30. The handling device of claim 29, wherein, The self-locking structure also includes a positioning pin unlocking component, which is disposed in the positioning hole and can move along the positioning hole toward the positioning pin to push the positioning pin out of the positioning hole.

31. The handling apparatus of claim 23, wherein, The power source includes a pump and a reversing valve. The pump is connected to the piston lifting assembly through the reversing valve. When the reversing valve is in a first state, the pump outlet is connected to the piston lifting assembly. When the reversing valve is in a second state, the pump outlet is disconnected from the piston lifting assembly.

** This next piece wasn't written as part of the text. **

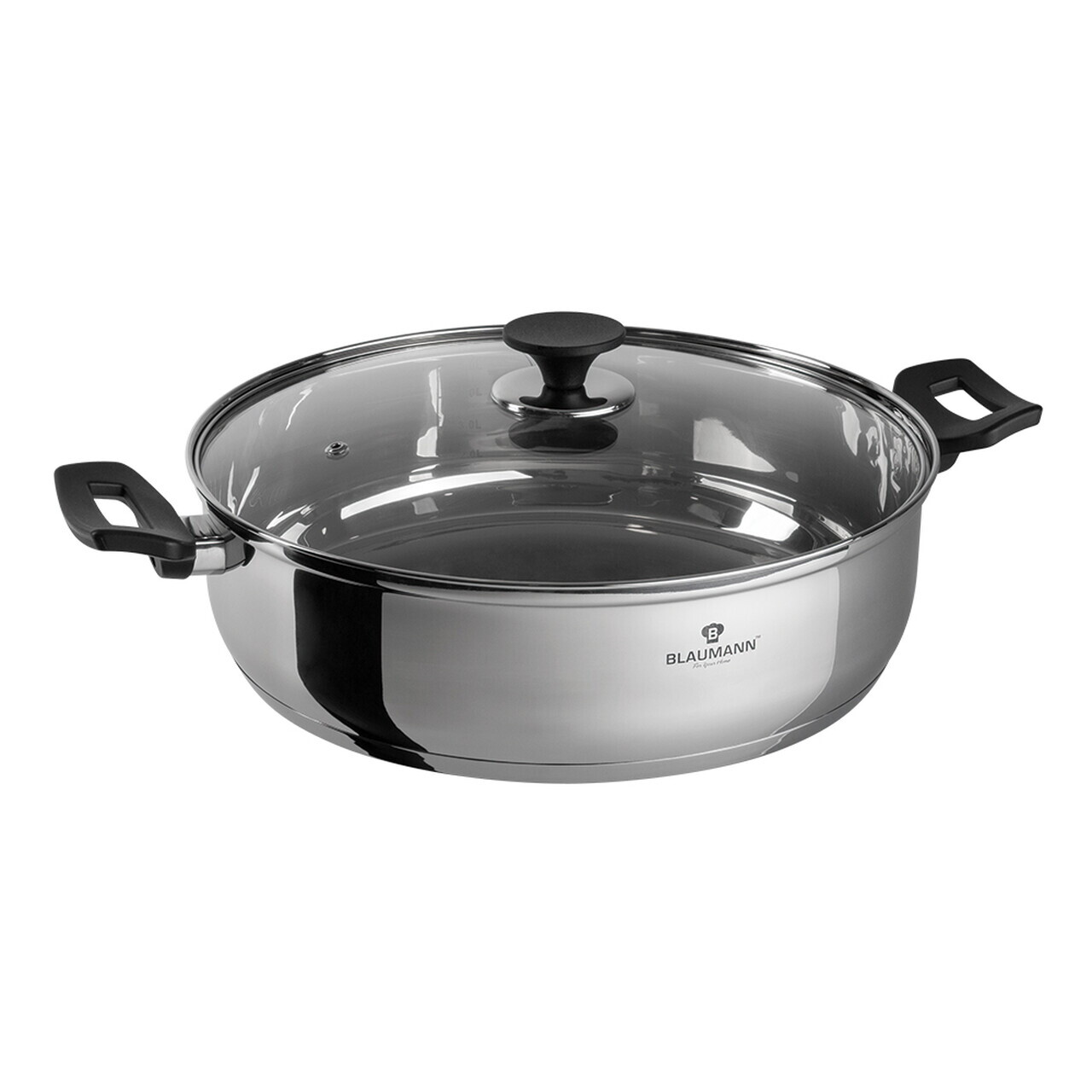 Oala cu capac Blaumann, Gourmet, 30 cm, inox, argintiu - view 4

32. The handling apparatus of any one of claims 1-11, wherein, The conveying device further includes a pressure holding mechanism, which includes a pressure holding shell, a valve core, and a pressure holding recovery component. The pressure holding shell has a pressure holding cavity inside, and the pressure holding shell is provided with a passage inlet, a passage outlet, and a pressure relief port that communicate with the pressure holding cavity. The passage inlet is connected to an external power source, and the passage outlet is connected to the piston lifting assembly. The valve core is disposed in the pressure holding cavity and near the pressure relief port, and is movably connected to the pressure holding shell. The pressure relief port is connected to the outside. When the valve core is in the first position, the valve core blocks the pressure relief port. When the valve core is in the second position, the valve core opens the pressure relief port. The pressure-holding and restoring component is disposed between the valve core and the pressure-holding housing, and the pressure-holding and restoring component has a tendency to position the valve core in the first position.

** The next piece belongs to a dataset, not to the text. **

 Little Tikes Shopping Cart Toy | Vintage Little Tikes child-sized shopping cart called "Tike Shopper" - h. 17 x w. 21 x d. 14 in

33. The handling apparatus of any one of claims 1-11, wherein, The conveying device further includes a pressure relief mechanism, which is connected to the medium supply passage of the piston lifting assembly. The pressure relief device includes a pressure relief shell, a pressure relief component, and a pressure relief recovery component. A pressure relief receiving cavity is formed inside the pressure relief shell. The pressure relief receiving cavity includes a flow cavity and a pressure relief cavity. The flow cavity is connected to the medium supply passage, and the pressure relief cavity is connected to the outside. The pressure relief component is provided with a pressure relief port. When the pressure relief component is subjected to force, it can move along the inner wall of the pressure relief receiving cavity to the pressure relief position and the pressure holding position. In the pressure relief position, the pressure relief port connects the flow cavity and the pressure relief cavity; in the pressure holding position, the pressure relief port is isolated from the flow cavity. The pressure relief recovery component is connected to the pressure relief component, and the pressure relief recovery component has a tendency to move the pressure relief component from the pressure relief position toward the pressure holding position.

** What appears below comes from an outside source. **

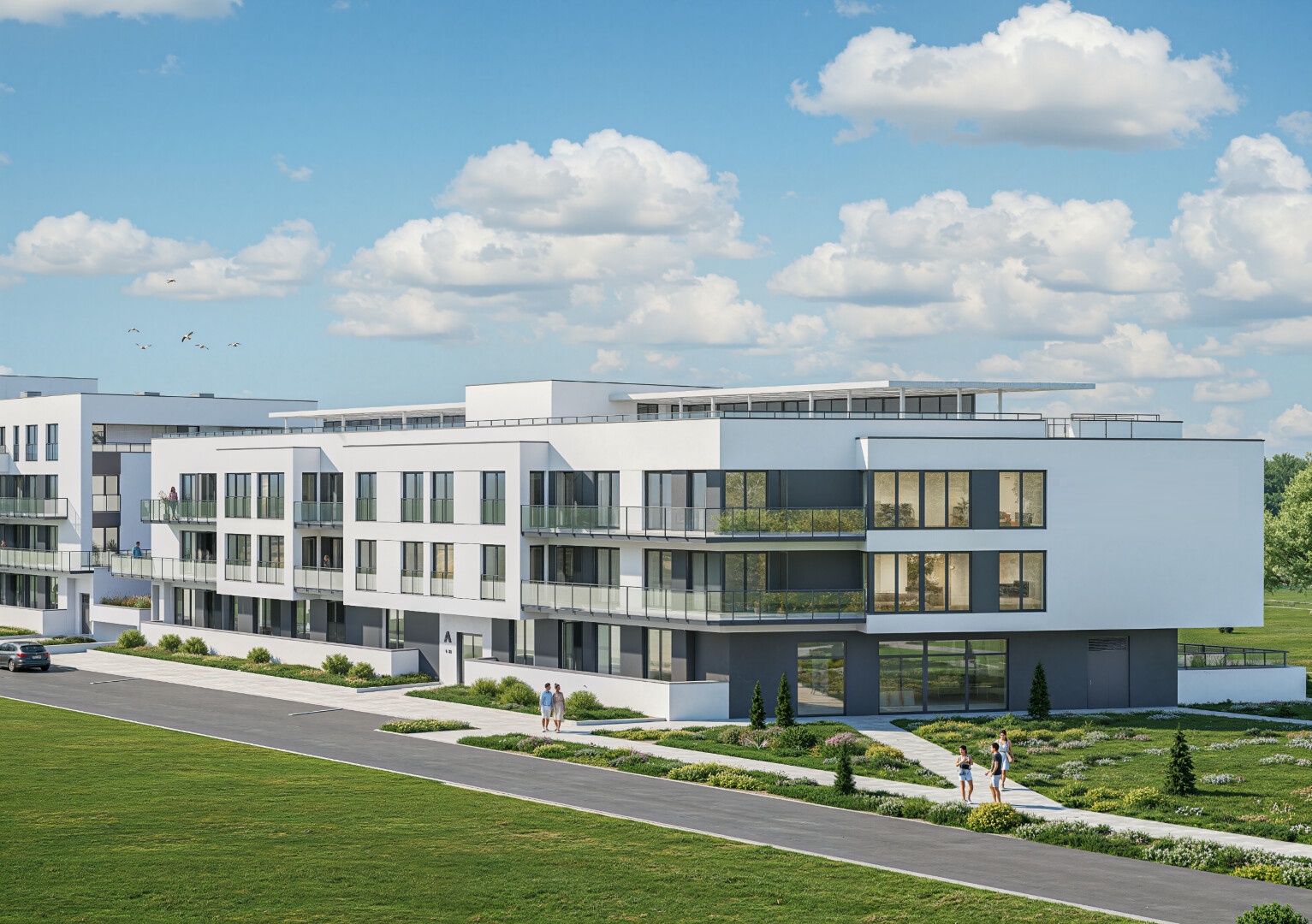 Wizualizacja inwestycji Ursa Piast - nowoczesne osiedle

34. The handling apparatus of any one of claims 1-11, wherein, The conveying device further includes a recycling mechanism, which includes a recycling shell, a recycling piston, and a recycling recovery component. A recycling chamber is formed inside the recycling shell, and a recycling port is provided on the recycling shell. The recycling chamber is connected to the medium supply passage through the recycling port. When the recycling piston slides along the inner wall of the recycling chamber in a sealed manner, the recycling chamber generates a negative pressure to recycle the medium in the medium supply passage. The volume of the recycling chamber is equal to or greater than the volume of the medium supply passage. The recycling mechanism has a tendency to move the recycling piston toward the recycling port.